Rencontre avec Jeffrey Lewis, à l’issue de son concert nantais début octobre 2007, jour de la sortie de 12 Crass songs, nouvel album du New-Yorkais. Jeffrey Lewis nous accueille backstage, l’air visiblement épuisé par le début de sa tournée mais se retapant la santé à l’aide d’une bière fraîche et d’un camembert fondant. A ses côtés, Helen Schreiner, girlfriend du moment et partenaire de scène, en pleine séance de tricot…
Chronicart : Ca alors ! Vous faites tous du tricot, à New York ?! La dernière fois que Kimya Dawson est passée ici, elle faisait aussi du tricot, devant les Herman Dune, qui jouaient sur scène…
Jeffrey Lewis : (regardant Helen, visiblement amusé) Oui, oui ! C’est une vraie mode, chez nous ! Je connais de plus en plus de gens qui tricotent. Ca a l’air de détendre énormément ceux qui en font en tout cas. C’est sans doute quelque chose que je devrais faire…
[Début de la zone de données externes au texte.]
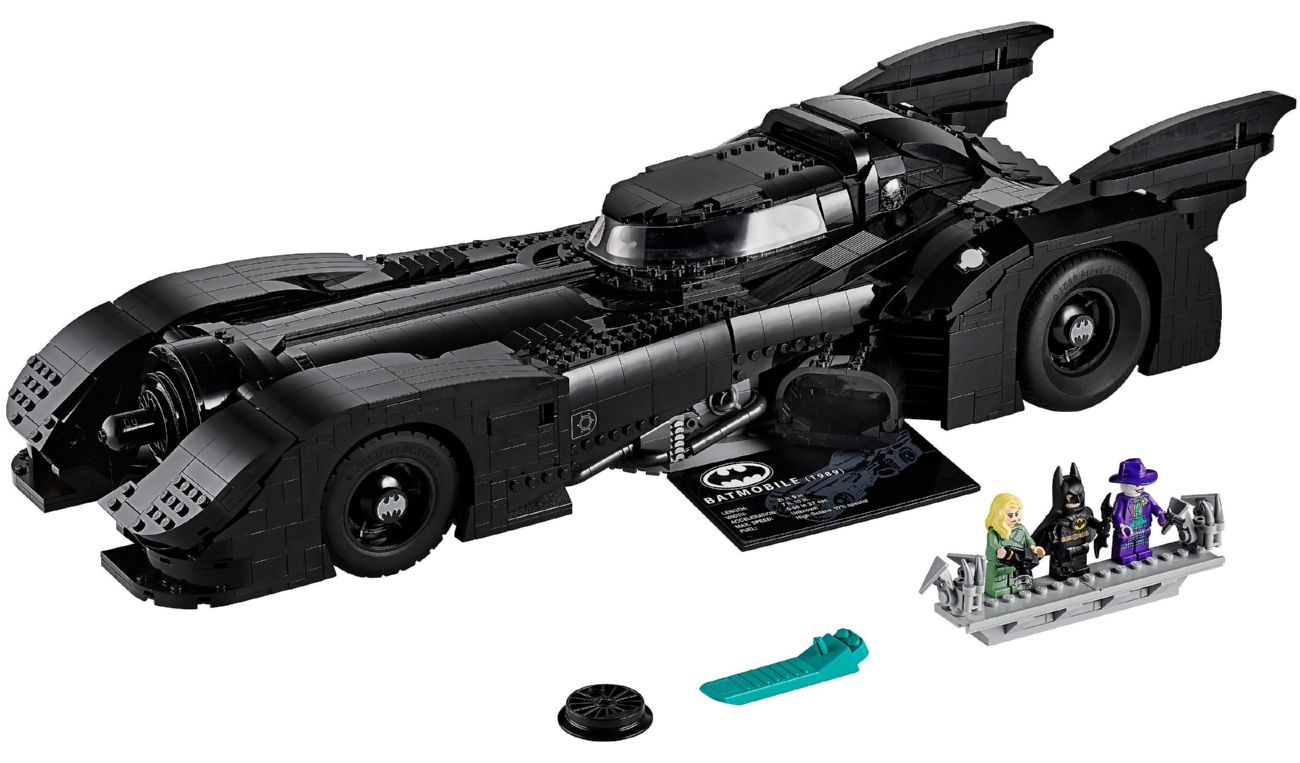 Конструктор Lego super heroes 1989 Batmobile (76139) - фото 1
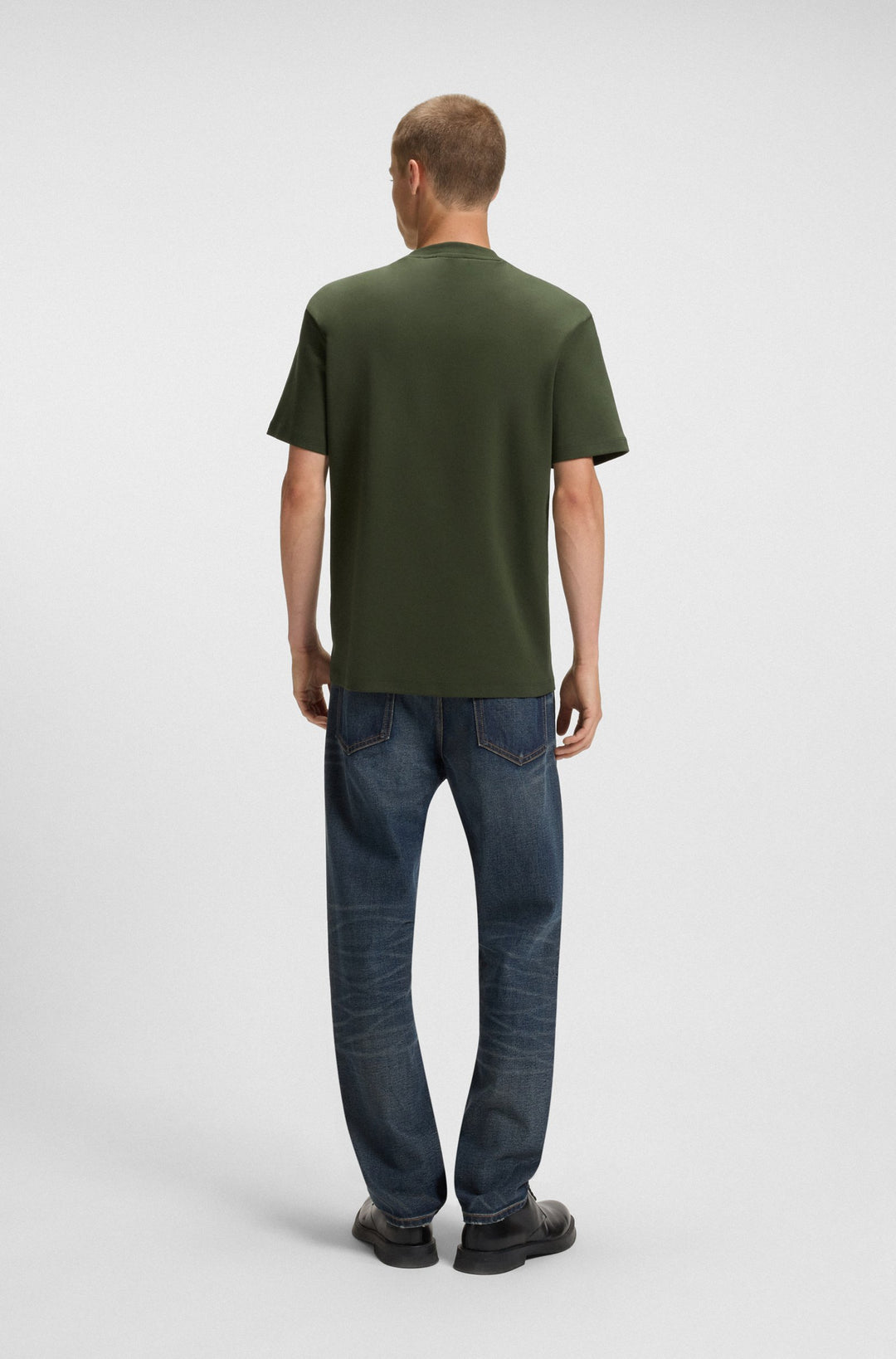HUGO T-Shirts Regular Fit - DALILE 50505201Concorde Fashion#color_green-309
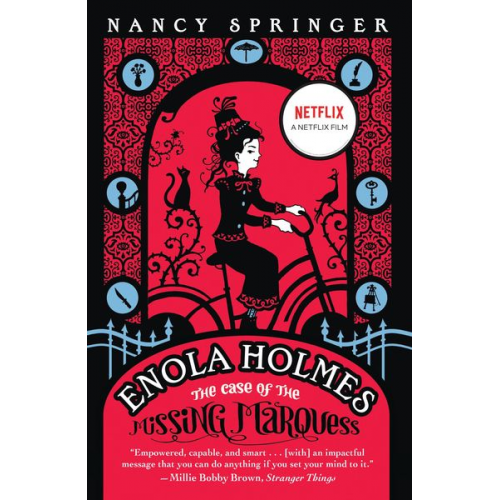 Nancy Springer - Enola Holmes: The Case of the Missing Marquess. Movie Tie-In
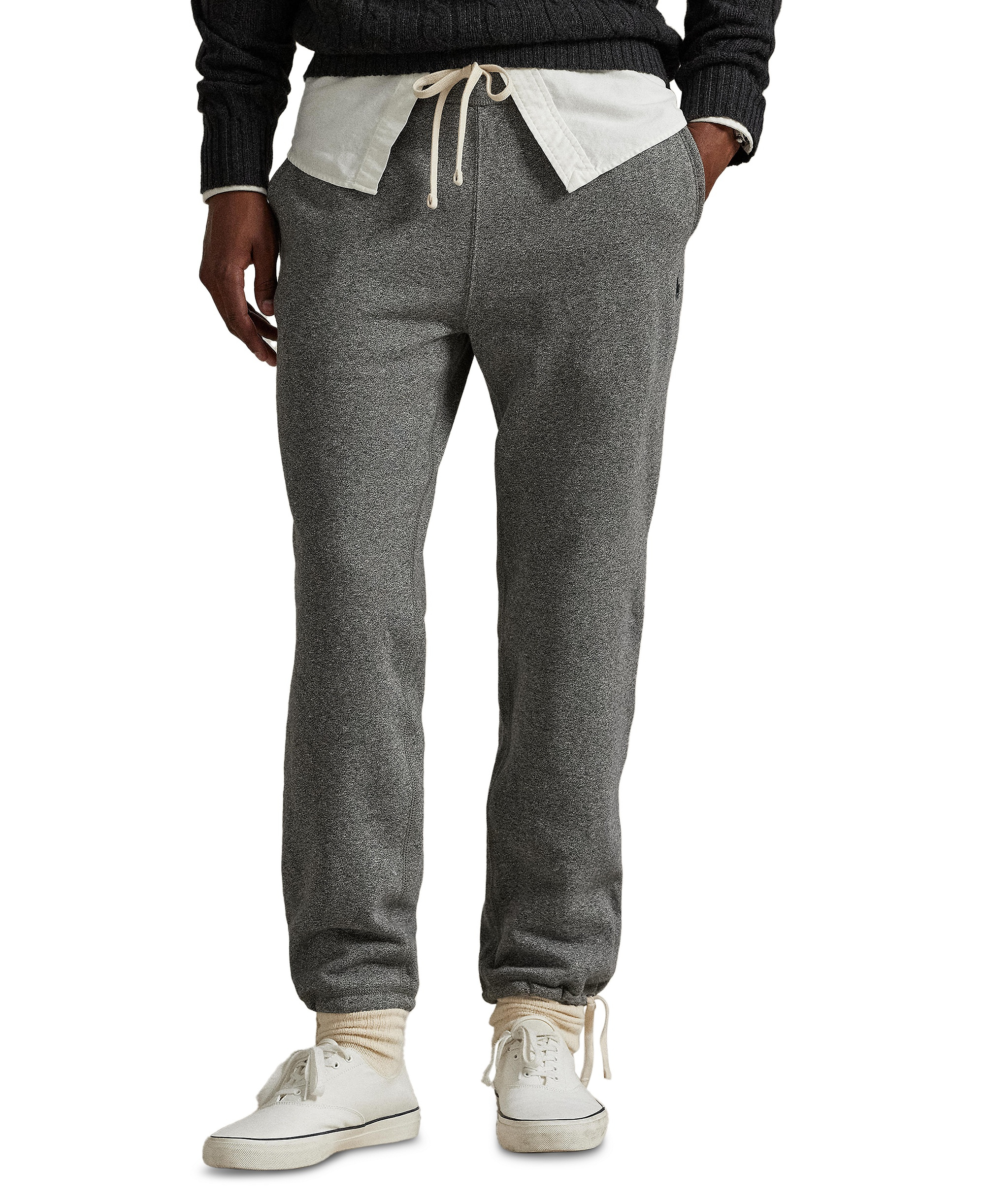 Polo Ralph Lauren Men's Signature Fleece Sweatpant - Grey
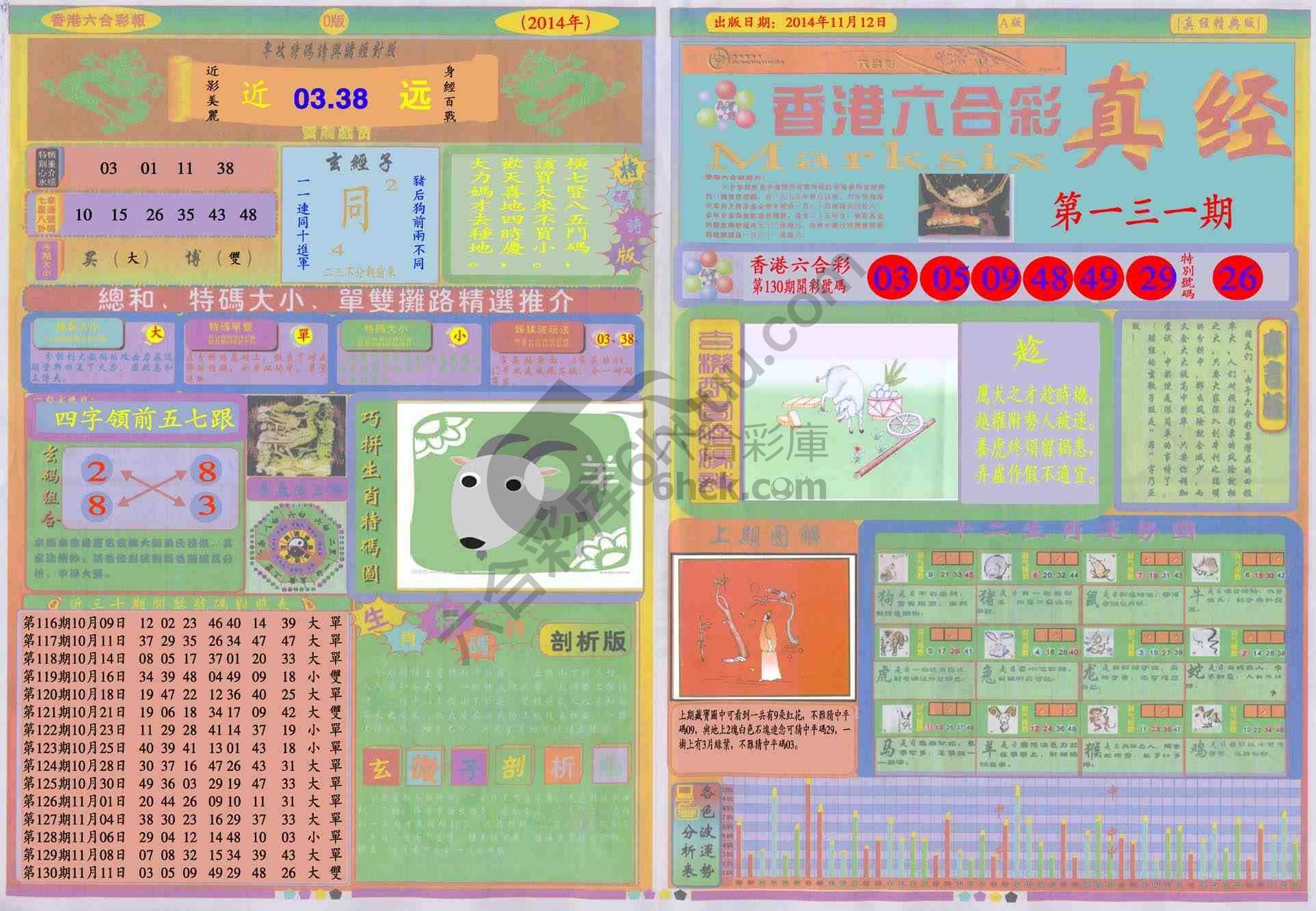 香港六合彩真经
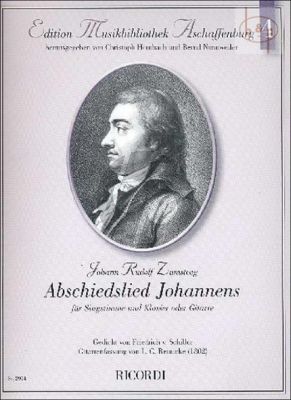 Abschiedslied Johannens (Gitarrefassung L.C.Reinecke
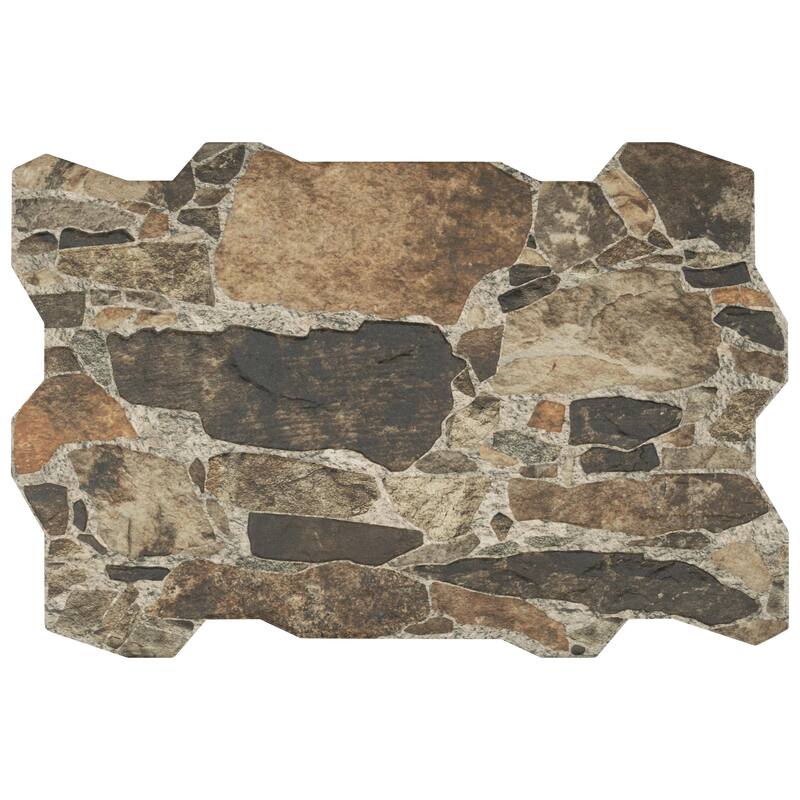 Merola Tile Rambla Arena 15.75" x 23.75" Porcelain Floor and Wall Tile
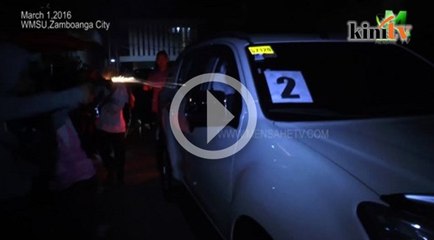 Video eksklusif ulamak Arab Saudi ditembak di Filipina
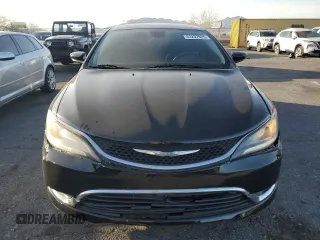 2015 Chrysler 200 Limited with VIN 1C3CCCAB8FN650488, listed as a Copart auction lot 51297925 with 121,223 mi miles and Salvage Title. Bid and sale history available at carsss.com. Image 5.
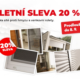 Letní sleva 20 %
Ca me gêne de demander ça devant Helen, mais est-ce qu’il y a une différence, pour toi, entre le fait de faire une tournée avec ton frère et d’autres musiciens masculins et, là, avoir pour la première fois un élément féminin dans le groupe, en l’occurrence ta petite amie ?
Oh, je crois que c’est vraiment une très très bonne chose ! (il fait un clin d’oeil à Helen) Si tu partais, je pourrais peut-être lui donner la vraie réponse (rires). Non, sérieusement, je pense que c’est une très bonne chose car la dynamique entre les quatre personnes qui constituent le groupe s’en trouve tout à fait modifiée. Tu sais, entre mon frère et moi, on est dans une relation où, finalement, nous n’avons même plus besoin de nous montrer polis ou diplomates. Quand tu te trouves à traiter avec ton propre frère, tu n’y vas pas par quatre chemins : « c’est naze, ce que tu viens de faire » ou « ton idée, là, c’est de la pure merde » ou même « tu vas fermer ta gueule ! ». Il n’y a aucune dimension de gentillesse, d’amabilité dans ce qui peut se passer entre nous. Helen étant dans le groupe, on fonctionne comme les quatre angles d’un carré plutôt que comme un triangle. C’est un peu comme si cela laissait plus d’espace, en quelque sorte, pour chacun. Tout le monde trouve une place pour exister. Quand tu voyages dans une petite bagnole pendant des jours et des jours, tu finis toujours par te chiquer avec les autres et ça peut être terrible. Là, je crois que c’est un peu mieux : si quelqu’un en a après un d’entre nous, les deux autres viennent calmer le jeu et ce n’est plus juste le batteur qui s’engueule avec mon frère et moi qui attend que ça passe. Cela donne d’autres combinaisons. Cela laisse plus de place au vote, tiens ! Chaque décision est soumise à l’ensemble du groupe et les décisions se font plus dans la concertation que dans l’affrontement. Et il y a moins de tensions, du coup.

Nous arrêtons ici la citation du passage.